How to stop RowFileInputReader after matching a specific line pattern (Text Header + Large Binary Tail)

Hi everyone,

I am using kafka-connect-file-pulse to process files that have a specific hybrid structure:

  1. A multi-line text header
  2. An empty line or custom characters line as a line separator
  3. A large amount of binary data.

My Goal: I want to ingest the entire header as a single Kafka record and then immediately stop reading the file to avoid the overhead of processing the large binary tail.

Possible Configuration:
I am thinking of using a MultiRowFilter to group the header and a DropFilter to discard the binary records,
While the DropFilter prevents the binary data from being sent to Kafka, the RowFileInputReader still continues to read the entire file line-by-line which isn’t convenient in case of large data.

So I would like to know :

  • Is there a way to signal the reader to stop/close the file stream as soon as a specific line with a special pattern is found ?
  • Is there a way to read like a fixed number of lines and discard the rest ?

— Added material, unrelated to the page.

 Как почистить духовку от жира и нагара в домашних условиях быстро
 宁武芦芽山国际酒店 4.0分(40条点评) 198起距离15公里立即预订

I’m not finding a way to short circuit. It doesn’t look to be too complicated to implement this feature though. It’s pretty similar to read.max.wait.ms, except you would stop iterating on a pattern match rather than time elapsed. See here. Basically that change plus some config plumbing = win? See if you get similar advice on this GH issue and, if you’re interested, you might submit a PR to contribute this feature.